What the heck is a “giant pumpkin weigh-off”?
Early the next day, Seymour the giant pumpkin was transported to the Giant Pumpkin Weigh-off at the Stillwater Harvest Festival. This is an annual event hosted by the St. Croix Growers Association.
Seymour was met with a large contingency of gargantuan orange, yellow and white pumpkins, some twice and even three times his size.
A giant pumpkin weigh-off is an all-day event. Around 9 or 10 a.m., contestants pulled their trucks up to an unloading zone. There, the giant pumpkins were hauled with a forklift to the staging area, a roped-off parking lot along the picturesque St. Croix River.
Volunteers measured and calculated an estimated weight. Then, crowds gathered to watch as the giant pumpkins were weighed on a pallet scale from smallest to largest, based on the estimated weights. Winners were announced at 3 p.m.
The “smaller” 100- to 200-pound pumpkins were weighed first. Eventually, it was Seymour’s turn. As the pumpkin crew situated Seymour on the pallet scale, the MC of the event, dressed in an orange pumpkin suit, interviewed us about why we chose to grow giant pumpkins for the first time this year. We explained that as U of M Extension educators, we wanted people to see how giant pumpkins are grown, to learn how they could do it, and to generate interest in home horticulture.
Finally, the number on the scale was revealed. Seymour weighed in at a whopping 744.5 pounds! We had estimated about 700 lbs., so we were very happy with the results. He was respectably huge.
That said, Seymour did not “place” in the weigh-off. The top 10 pumpkins were all over 1,000 pounds. The first-place winning pumpkin weighed 2,210 pounds.
After the festival, Seymour returned to the Arboretum where he was placed beside Audrey in front of the Snyder Visitor’s Center. They were a popular stop for visitors - especially families - to take photos with them and on them. They remained on display through Halloween.

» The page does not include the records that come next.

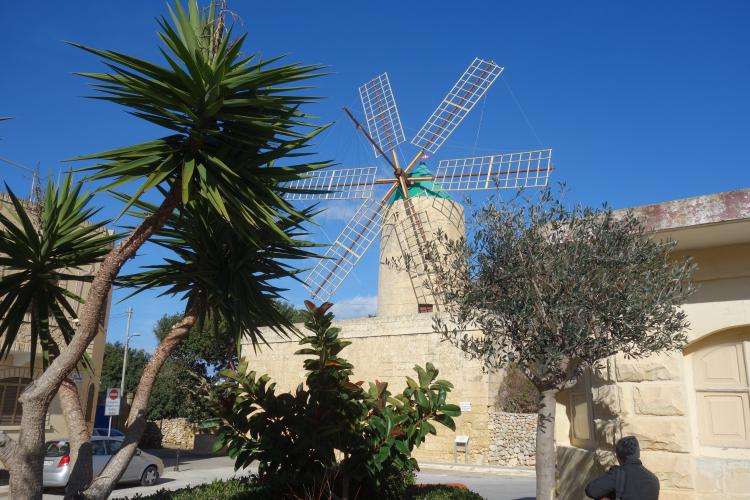 Gozo cosa vedere Malta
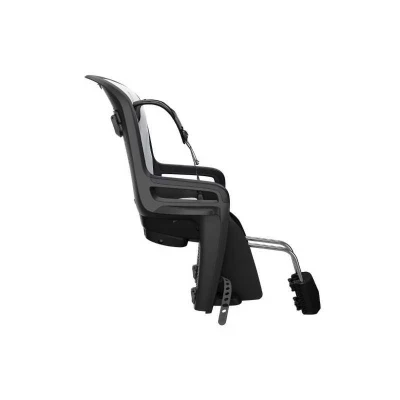 Thule RideAlong 2 Dark Gray cyklosedačka pod sedlo
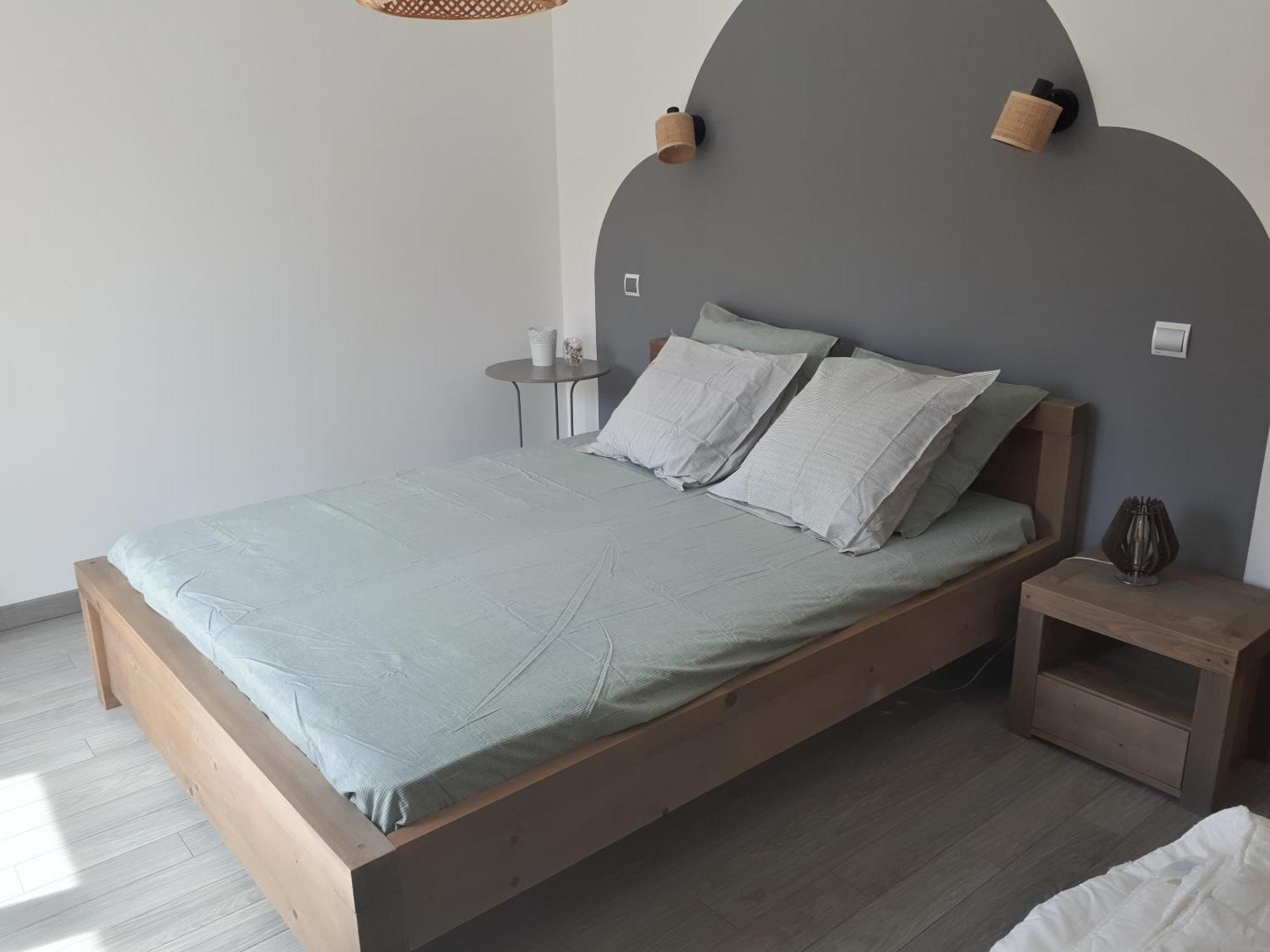 פלורי Maison De Village Avec Sa Charmante Petite Cour Interieure מראה חיצוני תמונה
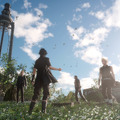 『FINAL FANTASY XV』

On November 1, we said goodbye to Audrey and Seymour as they accompanied the rest of the arboretum’s pumpkins to the great compost pile, where they will return to the earth to fertilize other arboretum plants. It was time. Late October, we noticed they were starting to rot and Annie was concerned the pumpkins might collapse if anyone sat on them, so they had to be roped off.
Julie Weisenhorn and Jon Trappe, our new Extension turf educator, followed the dump truck to the compost pile and collected seeds from both pumpkins.
Will you see more giant pumpkins at the Minnesota Landscape Arboretum next year?
Not from us. We enjoyed embarking on this giant pumpkin adventure in 2022, but we won’t be repeating it next year. As educators, we have other projects on the horizon.
We hope that someone out there has been inspired to try growing these giant fruits. Who knows? Maybe you will spot a giant pumpkin in the Arboretum Children’s Garden, at a Master Gardener teaching garden, or as part of a 4-H project. As for us, we are retiring from giant pumpkin growing after a successful one-year career.
Thank you for experiencing Seymour and Audrey with us over the last 6 months and a special thank you to our Extension horticulture intern Noah Burley who was a key partner in this project. It sure has been fun!